_REQUIREMENT_: Without the pictures, output the lines of the material from the very first through the one that holds "Hotel S�o Francisco".

_EXTRACTED MATERIAL_:
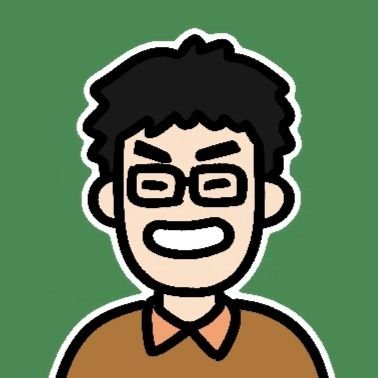 Hangzhi_art's profile picture. Living in Beijing, China. 北京在住。グラフィックデザインとイラストに携わっています。趣味は芸術、読書、模型、鉄道など…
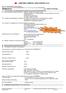 SUMITOMO CHEMICAL AGRO EUROPE S.A.S.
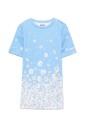 robe-bleue-enfant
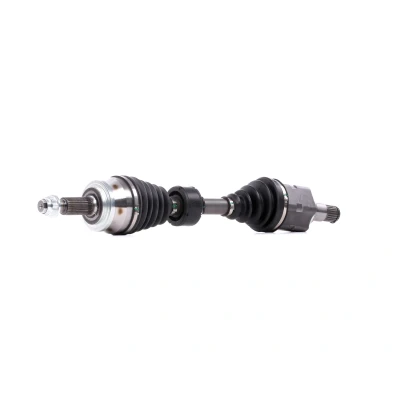 Afbeelding van Aandrijfas MAXGEAR 49 2495
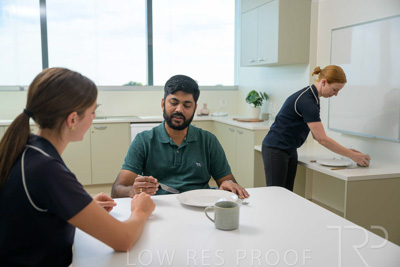 May 2024 / TQEH_Level_4_ADL_Room_240516_092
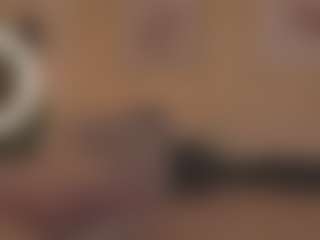 Live cam show with Mia-crawford - Big Tits Toys on Sweet Sext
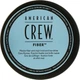 Паста для укладки волос сильная фиксация American Crew Fiber 85 гр - изображение 1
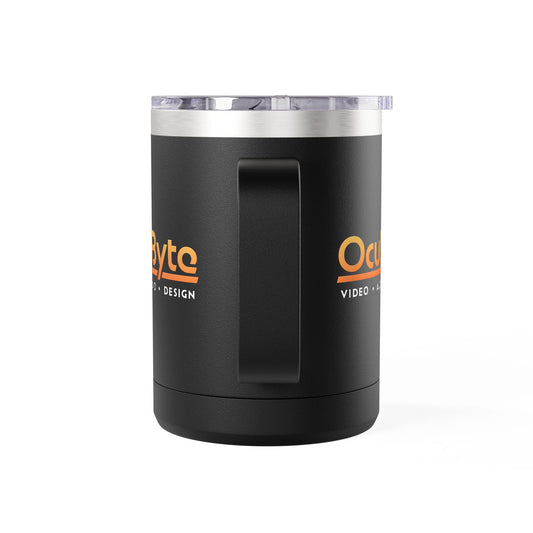 OcuByte Tumbler (15oz)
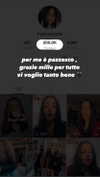 adalombardi_ Altpins Profile Picture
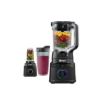 תמונה של NINJA DETECT בלנדר עוצמתי ושייקר NINJA TB303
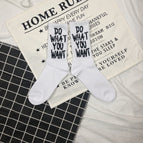 Style 2 / 35-40 EU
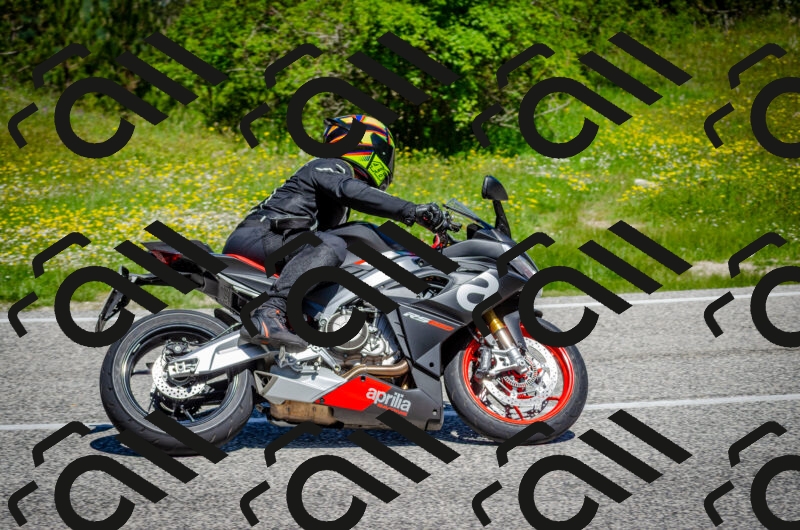 202506011132-DSC_3290_c2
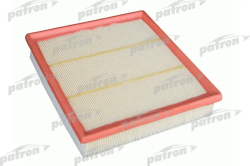 PF1159 Фильтр воздушный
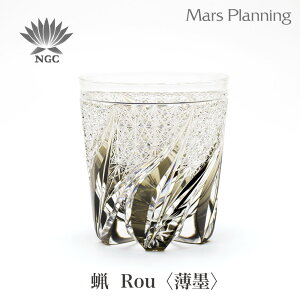 {Ɏq ]ː؎q Naturally X n Mtg I[hOX EBXL[OX LROX}COX  Mtg bN OX lC  j av[g җj Ê 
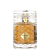 Golden Elixir RiiFFS Eau de Parfum - comprar online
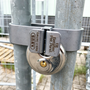 bouwhekslot abus-4 bouwhekslot abus-4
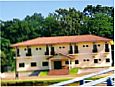 Hotel S�o Francisco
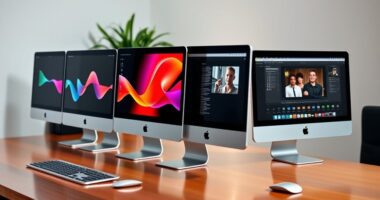 top 24 inch imac options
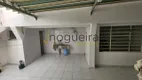 Foto 4 de Sobrado com 2 Quartos à venda, 164m² em Veleiros, São Paulo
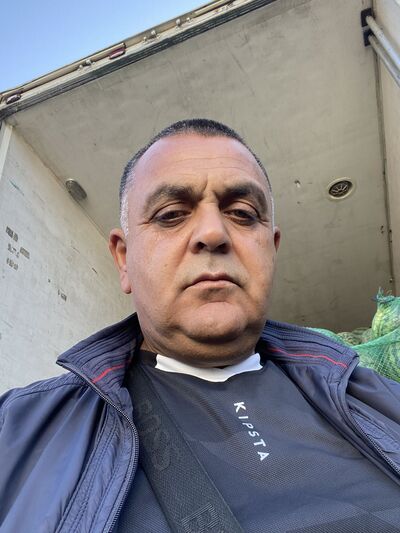  ,   , 52 ,   ,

_FINISHED EXERCISE_:
 Hangzhi_art's profile picture. Living in Beijing, China. 北京在住。グラフィックデザインとイラストに携わっています。趣味は芸術、読書、模型、鉄道など…
 SUMITOMO CHEMICAL AGRO EUROPE S.A.S.
 robe-bleue-enfant
 Afbeelding van Aandrijfas MAXGEAR 49 2495
 May 2024 / TQEH_Level_4_ADL_Room_240516_092
 Live cam show with Mia-crawford - Big Tits Toys on Sweet Sext
 Паста для укладки волос сильная фиксация American Crew Fiber 85 гр - изображение 1
 OcuByte Tumbler (15oz)
 adalombardi_ Altpins Profile Picture
 תמונה של NINJA DETECT בלנדר עוצמתי ושייקר NINJA TB303
 Style 2 / 35-40 EU
 202506011132-DSC_3290_c2
 PF1159 Фильтр воздушный
 {Ɏq ]ː؎q Naturally X n Mtg I[hOX EBXL[OX LROX}COX  Mtg bN OX lC  j av[g җj Ê 
 Golden Elixir RiiFFS Eau de Parfum - comprar online
 bouwhekslot abus-4 bouwhekslot abus-4
 Hotel S�o Francisco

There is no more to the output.